**WHAT YOU ARE ASKED TO DO:** Reproduce exactly, from the data that follows, the line with "Puerto Rico Flag", the line with "Funny Snow Leopard", and every line that lies between them.

**GIVEN DATA:**

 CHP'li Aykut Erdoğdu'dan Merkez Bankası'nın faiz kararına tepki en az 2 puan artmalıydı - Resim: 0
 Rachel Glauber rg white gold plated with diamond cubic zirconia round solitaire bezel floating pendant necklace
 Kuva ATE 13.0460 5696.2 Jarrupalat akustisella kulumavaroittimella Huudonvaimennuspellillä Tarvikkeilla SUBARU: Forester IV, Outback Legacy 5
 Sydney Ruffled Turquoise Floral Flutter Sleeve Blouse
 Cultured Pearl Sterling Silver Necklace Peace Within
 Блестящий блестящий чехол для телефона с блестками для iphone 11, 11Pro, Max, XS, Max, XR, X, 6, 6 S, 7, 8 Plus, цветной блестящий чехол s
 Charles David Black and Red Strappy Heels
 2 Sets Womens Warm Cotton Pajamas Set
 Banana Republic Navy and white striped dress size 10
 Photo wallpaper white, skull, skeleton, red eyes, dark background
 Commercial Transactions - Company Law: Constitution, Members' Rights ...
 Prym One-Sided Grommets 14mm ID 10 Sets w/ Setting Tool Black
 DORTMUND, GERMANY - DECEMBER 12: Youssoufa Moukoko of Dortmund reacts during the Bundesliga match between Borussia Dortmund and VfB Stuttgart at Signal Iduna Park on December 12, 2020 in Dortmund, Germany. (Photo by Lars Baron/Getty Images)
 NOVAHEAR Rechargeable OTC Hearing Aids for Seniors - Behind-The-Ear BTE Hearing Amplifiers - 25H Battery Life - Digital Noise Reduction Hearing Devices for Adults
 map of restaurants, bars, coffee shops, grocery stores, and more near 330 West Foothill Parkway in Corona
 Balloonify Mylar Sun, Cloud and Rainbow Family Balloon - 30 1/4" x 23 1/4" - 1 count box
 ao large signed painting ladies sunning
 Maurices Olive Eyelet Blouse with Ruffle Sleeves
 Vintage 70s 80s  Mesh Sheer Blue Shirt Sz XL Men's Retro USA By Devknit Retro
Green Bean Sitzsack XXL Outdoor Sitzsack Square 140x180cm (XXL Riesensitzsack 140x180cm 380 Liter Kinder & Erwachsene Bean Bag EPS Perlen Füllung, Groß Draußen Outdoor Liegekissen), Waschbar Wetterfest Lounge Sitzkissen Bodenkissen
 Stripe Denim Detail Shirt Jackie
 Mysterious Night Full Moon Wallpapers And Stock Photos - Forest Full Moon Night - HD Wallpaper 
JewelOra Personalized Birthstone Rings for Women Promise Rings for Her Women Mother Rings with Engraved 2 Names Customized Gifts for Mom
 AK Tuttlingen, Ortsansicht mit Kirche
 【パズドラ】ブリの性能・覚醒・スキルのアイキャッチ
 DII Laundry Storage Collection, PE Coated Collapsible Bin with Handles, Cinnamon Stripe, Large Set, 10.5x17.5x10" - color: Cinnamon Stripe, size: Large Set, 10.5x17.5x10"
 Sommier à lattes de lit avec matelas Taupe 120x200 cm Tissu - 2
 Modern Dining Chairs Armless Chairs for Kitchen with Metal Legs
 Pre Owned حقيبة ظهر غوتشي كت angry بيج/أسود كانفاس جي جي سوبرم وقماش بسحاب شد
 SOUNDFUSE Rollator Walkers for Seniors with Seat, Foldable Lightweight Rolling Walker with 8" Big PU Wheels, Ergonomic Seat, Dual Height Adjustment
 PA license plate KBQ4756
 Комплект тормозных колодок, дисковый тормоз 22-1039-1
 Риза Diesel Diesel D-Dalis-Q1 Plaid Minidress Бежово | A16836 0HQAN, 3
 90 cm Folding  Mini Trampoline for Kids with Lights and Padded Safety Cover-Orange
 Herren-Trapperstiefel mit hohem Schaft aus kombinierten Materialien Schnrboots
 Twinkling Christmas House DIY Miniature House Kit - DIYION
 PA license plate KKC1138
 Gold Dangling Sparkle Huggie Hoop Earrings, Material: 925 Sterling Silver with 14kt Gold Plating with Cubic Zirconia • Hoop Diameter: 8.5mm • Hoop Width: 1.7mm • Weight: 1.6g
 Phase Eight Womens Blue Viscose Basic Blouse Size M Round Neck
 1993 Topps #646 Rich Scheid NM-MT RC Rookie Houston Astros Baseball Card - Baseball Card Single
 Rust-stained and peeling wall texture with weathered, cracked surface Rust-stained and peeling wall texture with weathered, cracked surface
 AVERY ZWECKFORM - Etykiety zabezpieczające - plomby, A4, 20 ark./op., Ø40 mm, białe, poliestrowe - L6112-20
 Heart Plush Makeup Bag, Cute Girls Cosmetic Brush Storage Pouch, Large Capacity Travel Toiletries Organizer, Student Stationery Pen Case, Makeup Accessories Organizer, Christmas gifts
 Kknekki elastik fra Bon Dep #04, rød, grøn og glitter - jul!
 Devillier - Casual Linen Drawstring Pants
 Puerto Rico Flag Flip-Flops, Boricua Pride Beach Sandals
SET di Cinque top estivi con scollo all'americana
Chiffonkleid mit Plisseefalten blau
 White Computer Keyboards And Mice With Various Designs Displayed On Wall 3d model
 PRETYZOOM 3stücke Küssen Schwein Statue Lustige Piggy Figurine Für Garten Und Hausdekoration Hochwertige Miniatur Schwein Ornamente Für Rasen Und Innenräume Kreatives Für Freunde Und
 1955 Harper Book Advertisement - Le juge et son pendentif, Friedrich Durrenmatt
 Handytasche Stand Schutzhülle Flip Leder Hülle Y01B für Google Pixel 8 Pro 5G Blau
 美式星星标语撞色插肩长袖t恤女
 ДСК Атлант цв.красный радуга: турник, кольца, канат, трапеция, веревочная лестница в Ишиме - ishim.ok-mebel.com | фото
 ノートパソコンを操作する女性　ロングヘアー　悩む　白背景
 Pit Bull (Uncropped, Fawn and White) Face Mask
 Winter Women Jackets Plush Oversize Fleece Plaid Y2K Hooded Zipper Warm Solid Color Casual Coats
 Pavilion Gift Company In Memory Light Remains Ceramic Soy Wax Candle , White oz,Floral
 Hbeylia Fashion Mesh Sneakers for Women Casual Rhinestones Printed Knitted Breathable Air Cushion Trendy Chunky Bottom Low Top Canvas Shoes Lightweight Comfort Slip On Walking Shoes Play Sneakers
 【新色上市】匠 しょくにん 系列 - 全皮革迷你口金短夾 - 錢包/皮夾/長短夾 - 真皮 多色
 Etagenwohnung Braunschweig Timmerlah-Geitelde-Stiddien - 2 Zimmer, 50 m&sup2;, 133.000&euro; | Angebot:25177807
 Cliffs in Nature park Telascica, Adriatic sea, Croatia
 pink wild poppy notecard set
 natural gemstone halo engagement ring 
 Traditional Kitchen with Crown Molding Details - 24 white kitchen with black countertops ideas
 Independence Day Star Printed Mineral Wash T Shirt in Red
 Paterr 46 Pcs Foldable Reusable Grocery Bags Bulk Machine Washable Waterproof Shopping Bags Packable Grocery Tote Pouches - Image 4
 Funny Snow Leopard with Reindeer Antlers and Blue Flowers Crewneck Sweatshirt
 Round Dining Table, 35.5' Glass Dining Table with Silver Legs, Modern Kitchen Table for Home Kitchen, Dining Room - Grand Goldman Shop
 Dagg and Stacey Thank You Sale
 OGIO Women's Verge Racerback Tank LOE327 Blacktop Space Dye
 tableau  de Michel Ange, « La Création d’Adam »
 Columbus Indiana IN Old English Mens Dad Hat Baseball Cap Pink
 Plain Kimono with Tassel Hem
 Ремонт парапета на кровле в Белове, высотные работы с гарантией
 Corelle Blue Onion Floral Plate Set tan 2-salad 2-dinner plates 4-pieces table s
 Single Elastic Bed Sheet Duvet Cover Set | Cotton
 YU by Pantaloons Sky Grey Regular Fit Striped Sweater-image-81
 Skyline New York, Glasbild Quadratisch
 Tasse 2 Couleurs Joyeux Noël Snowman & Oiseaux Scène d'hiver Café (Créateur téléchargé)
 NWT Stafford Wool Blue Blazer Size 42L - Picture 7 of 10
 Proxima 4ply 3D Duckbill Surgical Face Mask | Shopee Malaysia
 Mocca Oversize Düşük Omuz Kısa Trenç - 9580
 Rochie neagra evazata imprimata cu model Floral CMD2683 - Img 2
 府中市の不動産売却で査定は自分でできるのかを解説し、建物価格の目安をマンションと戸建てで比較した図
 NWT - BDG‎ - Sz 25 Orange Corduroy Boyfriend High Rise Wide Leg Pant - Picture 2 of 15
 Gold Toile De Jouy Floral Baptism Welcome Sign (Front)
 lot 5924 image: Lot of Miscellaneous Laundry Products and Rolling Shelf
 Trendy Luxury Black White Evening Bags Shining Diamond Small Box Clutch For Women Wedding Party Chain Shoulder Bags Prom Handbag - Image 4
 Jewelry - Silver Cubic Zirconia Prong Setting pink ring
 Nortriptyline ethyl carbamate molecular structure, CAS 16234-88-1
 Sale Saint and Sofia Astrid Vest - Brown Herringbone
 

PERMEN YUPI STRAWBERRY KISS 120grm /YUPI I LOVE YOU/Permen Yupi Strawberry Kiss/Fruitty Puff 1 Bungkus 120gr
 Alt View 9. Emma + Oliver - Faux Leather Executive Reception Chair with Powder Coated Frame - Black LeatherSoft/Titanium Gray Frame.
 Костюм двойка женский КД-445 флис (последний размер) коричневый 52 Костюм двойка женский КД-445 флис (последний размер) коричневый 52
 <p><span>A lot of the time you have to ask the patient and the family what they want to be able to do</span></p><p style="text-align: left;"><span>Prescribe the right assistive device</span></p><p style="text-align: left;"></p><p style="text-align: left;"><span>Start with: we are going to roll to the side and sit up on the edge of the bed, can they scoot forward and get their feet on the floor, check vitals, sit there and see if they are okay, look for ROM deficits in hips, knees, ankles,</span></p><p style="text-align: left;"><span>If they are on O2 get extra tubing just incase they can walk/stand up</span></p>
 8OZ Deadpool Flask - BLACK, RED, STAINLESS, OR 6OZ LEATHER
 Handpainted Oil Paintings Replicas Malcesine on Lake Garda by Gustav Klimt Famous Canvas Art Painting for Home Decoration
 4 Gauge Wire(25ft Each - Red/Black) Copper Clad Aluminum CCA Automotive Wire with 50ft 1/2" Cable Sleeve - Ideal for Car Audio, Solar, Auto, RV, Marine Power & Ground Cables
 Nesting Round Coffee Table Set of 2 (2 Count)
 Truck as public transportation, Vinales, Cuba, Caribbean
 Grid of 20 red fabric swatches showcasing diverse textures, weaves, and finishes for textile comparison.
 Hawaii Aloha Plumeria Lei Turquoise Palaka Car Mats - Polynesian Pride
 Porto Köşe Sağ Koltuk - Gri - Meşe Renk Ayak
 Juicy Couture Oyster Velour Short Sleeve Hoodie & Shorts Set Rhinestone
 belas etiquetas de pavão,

**EXERCISE SOLUTION:**
 Puerto Rico Flag Flip-Flops, Boricua Pride Beach Sandals
SET di Cinque top estivi con scollo all'americana
Chiffonkleid mit Plisseefalten blau
 White Computer Keyboards And Mice With Various Designs Displayed On Wall 3d model
 PRETYZOOM 3stücke Küssen Schwein Statue Lustige Piggy Figurine Für Garten Und Hausdekoration Hochwertige Miniatur Schwein Ornamente Für Rasen Und Innenräume Kreatives Für Freunde Und
 1955 Harper Book Advertisement - Le juge et son pendentif, Friedrich Durrenmatt
 Handytasche Stand Schutzhülle Flip Leder Hülle Y01B für Google Pixel 8 Pro 5G Blau
 美式星星标语撞色插肩长袖t恤女
 ДСК Атлант цв.красный радуга: турник, кольца, канат, трапеция, веревочная лестница в Ишиме - ishim.ok-mebel.com | фото
 ノートパソコンを操作する女性　ロングヘアー　悩む　白背景
 Pit Bull (Uncropped, Fawn and White) Face Mask
 Winter Women Jackets Plush Oversize Fleece Plaid Y2K Hooded Zipper Warm Solid Color Casual Coats
 Pavilion Gift Company In Memory Light Remains Ceramic Soy Wax Candle , White oz,Floral
 Hbeylia Fashion Mesh Sneakers for Women Casual Rhinestones Printed Knitted Breathable Air Cushion Trendy Chunky Bottom Low Top Canvas Shoes Lightweight Comfort Slip On Walking Shoes Play Sneakers
 【新色上市】匠 しょくにん 系列 - 全皮革迷你口金短夾 - 錢包/皮夾/長短夾 - 真皮 多色
 Etagenwohnung Braunschweig Timmerlah-Geitelde-Stiddien - 2 Zimmer, 50 m&sup2;, 133.000&euro; | Angebot:25177807
 Cliffs in Nature park Telascica, Adriatic sea, Croatia
 pink wild poppy notecard set
 natural gemstone halo engagement ring 
 Traditional Kitchen with Crown Molding Details - 24 white kitchen with black countertops ideas
 Independence Day Star Printed Mineral Wash T Shirt in Red
 Paterr 46 Pcs Foldable Reusable Grocery Bags Bulk Machine Washable Waterproof Shopping Bags Packable Grocery Tote Pouches - Image 4
 Funny Snow Leopard with Reindeer Antlers and Blue Flowers Crewneck Sweatshirt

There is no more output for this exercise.